Yeah, I know – “minimalist” and “bling” are not usually bedmates, and in its time this watch was probably considered neither, but whatever the description, this is an intriguing watch.
Seiko’s 6619
series debuted in 1964. The movement is a 21 jewel automatic which could not be
wound manually unless you consider the “side to side” shake you use to get
these started as manual wind. Interestingly I discovered on the internet that
the 6619A can be wound manually if you take the back off and turn a large screw
under the rotor with a screwdriver – apparently an aid for watchmakers.
The movement
is described as an extremely efficient but simple “workhorse” and my watch
certainly seems to support that view. It continues to operate reliably decades after
it was first manufactured (February 1965).
But back to
the minimalist bling. The “bling” is of course subjective but let’s just say
that in my collection, it has more bling than most.
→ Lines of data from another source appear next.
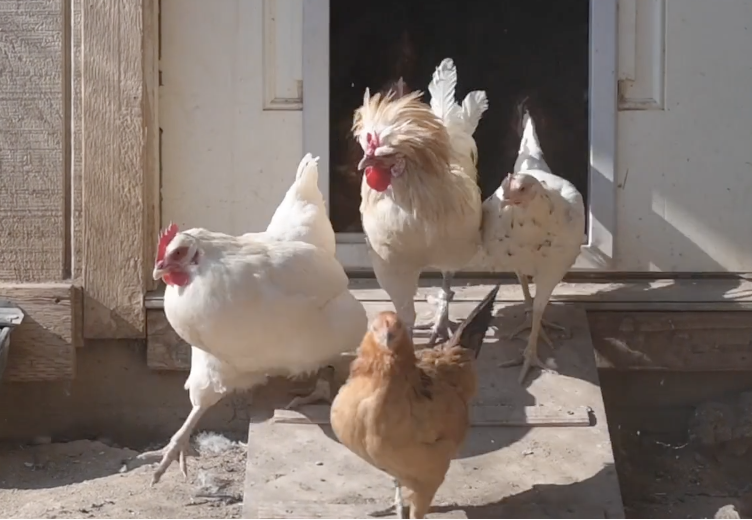 What It Takes to Care! 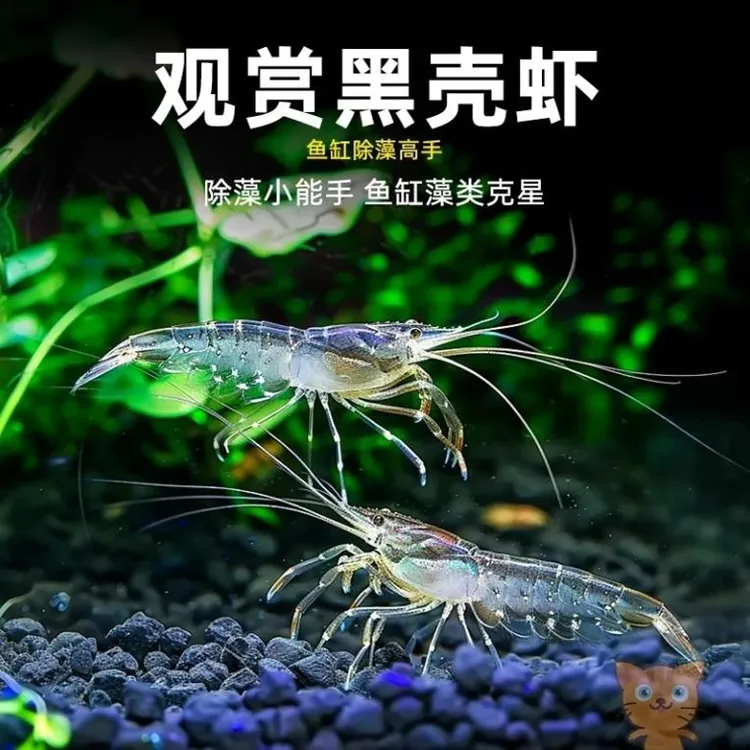观赏虾黑壳虾除藻虾观赏虾晶虾极火宠物虾鱼缸工具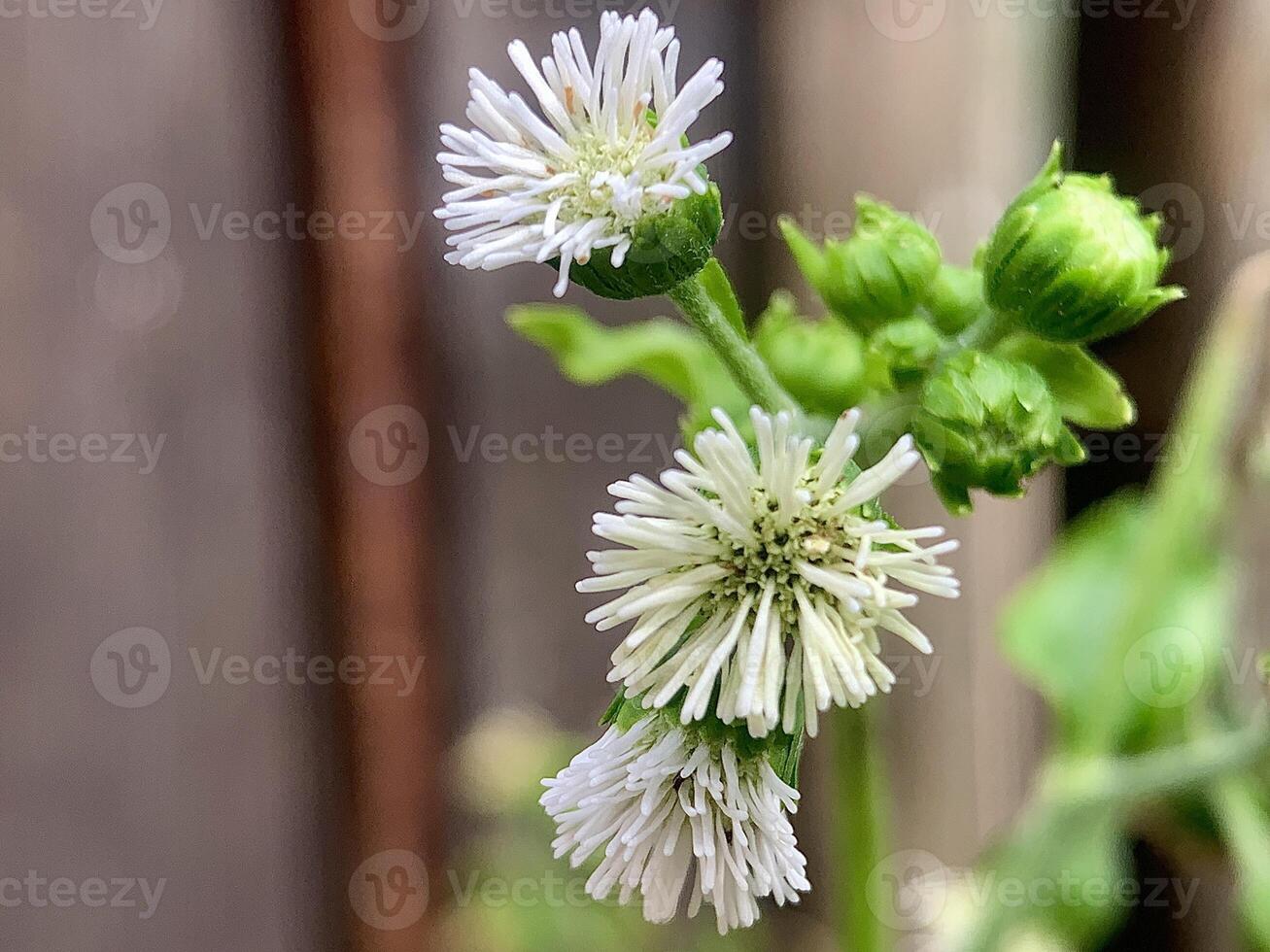 a close up of a white flower with green leaves photo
I have enhanced the look
with a striking blue band and I just love the whole appearance.
The dial is
minimalist by Seiko standards. An unpretentious applied SEIKO logo is
under-scored with smaller type – WEEKDATER 21 JEWELS at 9 ‘o’clock and joined
with crosshairs and a Day/Date window at 3 ‘o’clock. Small batons at the hourly
indices points are located on a textured gold chapter ring. The dial itself is
champagne coloured although (and this is the outstanding feature of this watch)
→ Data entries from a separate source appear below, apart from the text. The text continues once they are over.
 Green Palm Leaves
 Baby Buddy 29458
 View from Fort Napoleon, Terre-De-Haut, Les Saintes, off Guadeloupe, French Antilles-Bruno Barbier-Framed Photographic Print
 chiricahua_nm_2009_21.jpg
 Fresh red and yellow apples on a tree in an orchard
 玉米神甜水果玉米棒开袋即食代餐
the colour changes according to light and the angle of the dial.
The dial
goes from an almost light grey matt appearance to a beautiful creamy shine
depending on how you angle your wrist. The hands are gold and appear flat but
the edges pick up light beautifully and it is easier to read the time on this
watch than many similar designs.
I like many
things about this watch – its simple design, its cushion shaped case, the
slight tuxedo look generated by the chapter ring, the mesmerizing dial, and the
fact that it is still operating efficiently after more than 55 years. Oh, and
the touch of “bling”. Definitely a keeper in my humble collection.
Dimensions:
Diameter:36.2mm
Lug To Lug: 42.7mm
Thickness: 12.5mm
Lug Width: 18mm
Drilled lugs.
I still have mine. I purchased it in Cyprus in 1965 for £16 (Cypriot) which would have been around the same in the UK because it was Cypriot pound was pegged to the UK pound until 1973. I also bought a made to measure suit for the same price.